The California Department of Social Services also found that the day school committed licensing violations as a result of the incidents.

=== Efforts to remove judge ===
In addition to the very large number of children targeted, the case was notable because of the San Mateo District Attorney's efforts to remove the judge, Judge Donald Ayoob, from the case (as well as two other cases being heard by Judge Ayoob), because of perceptions that the judge was too lenient on sex abuse perpetrators and would not take the case seriously. Judge Ayoob had sentenced prior perpetrators to a year in county jail rather than state prison as requested by prosecutors including a perpetrator who possessed thousands of pornographic images and videos. Prosecutors did not file paperwork requesting the removal in time, and another judge refused to remove Ayoob. After the case of Brock Turner, who received a 6 month sentence for raping a Stanford University Student, generating such public outcry over the leniency of the sentence that the judge in the case was recalled and removed as a judge, the prosecutors' effort to remove the judge reflected prosecutors' determination to ensure that sexual abuse cases are taken seriously, but raised questions of whether prosecutors were trying to politicize cases or influence the outcome by generating a "mob mentality". Although the judge was not removed, the sentence of six years was significantly more severe than Judge Ayoob had given to other perpetrators, and the general perception was that the effort to have these cases taken seriously was, at least in this case, effective.

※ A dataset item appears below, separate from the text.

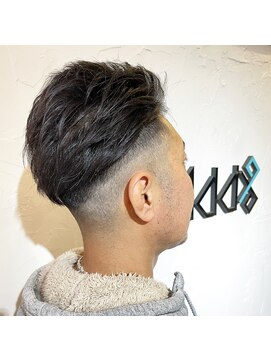 アドナインス(Add9) フェード メンズフェードカット 刈り上げ おしゃれ刈り上げ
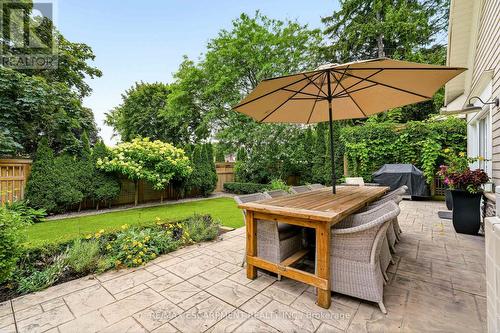 330 Camelot Court, Burlington, ON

== St. Matthew's Episcopal Church ==
The Episcopal Church of St. Matthew operates the day school. The church is part of the Diocese of California, located in San Francisco.

On April 24, 1864, Giles Alexander Easton established an Episcopal church named for Saint Matthew on the historic mission trail known as El Camino Real. Services were held in a school until ground could be broken for a building. Two acres of land were donated by Agnes Poett Howard, widow of William Davis Merry Howard, and their son, William Henry Howard. In 1865 a stone church with capacity of about 200 people was built and a two-story school building known as Saint Mathew's Hall for the school. The nave was 48 feet (15 m) by 36 feet (11 m), and the chancel was 12 feet (3.7 m) by 24 feet (7.3 m). The street between the church and school was known as Saint Matthews Avenue. Alfred Lee Brewer (1831–1899) operated the school in English "public school" tradition with strict military discipline. The school campus became part of the city of Burlingame, California.

Three Princes of the Kingdom of Hawaii, brothers Jonah Kūhiō Kalanianaʻole (1871–1922), David Kawānanakoa (1868–1908) and Edward Abnel Keliʻiahonui (1869–1887) attended the school in the 1880s. It advertised itself as "the leading private educational institution for boys on the Pacific Coast" in 1889. It was later taken over by his son William Augustus Brewer (1863–1931). William Brewer became mayor of the new town of Hillsborough, California. By 1902 the school was called "the best known private educational institution upon the west coast."

Neptune Blood William Gallway became rector of the church in 1904. The buildings were damaged in the 1906 San Francisco earthquake. The old church was replaced by a new one designed by Willis Polk, with many furnishings salvaged from the original building. The new building was consecrated on May 15, 1910. The school was shut down in 1915 when a road was constructed through the campus. A new organ was donated in memory of William H. Crocker in 1938.